Extracted entries:
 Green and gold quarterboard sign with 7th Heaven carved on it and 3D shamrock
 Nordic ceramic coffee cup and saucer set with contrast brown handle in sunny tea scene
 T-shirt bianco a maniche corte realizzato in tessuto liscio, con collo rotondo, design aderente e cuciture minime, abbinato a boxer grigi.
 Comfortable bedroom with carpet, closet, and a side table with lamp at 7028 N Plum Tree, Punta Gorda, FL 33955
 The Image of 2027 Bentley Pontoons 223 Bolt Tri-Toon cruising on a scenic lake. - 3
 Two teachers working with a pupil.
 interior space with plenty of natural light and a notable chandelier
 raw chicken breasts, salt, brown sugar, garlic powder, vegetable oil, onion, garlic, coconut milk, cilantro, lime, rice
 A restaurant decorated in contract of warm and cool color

What you have to do: Nothing should be dropped: transcribe all the material exactly.

Reply to the exercise:
 Green and gold quarterboard sign with 7th Heaven carved on it and 3D shamrock
 Nordic ceramic coffee cup and saucer set with contrast brown handle in sunny tea scene
 T-shirt bianco a maniche corte realizzato in tessuto liscio, con collo rotondo, design aderente e cuciture minime, abbinato a boxer grigi.
 Comfortable bedroom with carpet, closet, and a side table with lamp at 7028 N Plum Tree, Punta Gorda, FL 33955
 The Image of 2027 Bentley Pontoons 223 Bolt Tri-Toon cruising on a scenic lake. - 3
 Two teachers working with a pupil.
 interior space with plenty of natural light and a notable chandelier
 raw chicken breasts, salt, brown sugar, garlic powder, vegetable oil, onion, garlic, coconut milk, cilantro, lime, rice
 A restaurant decorated in contract of warm and cool color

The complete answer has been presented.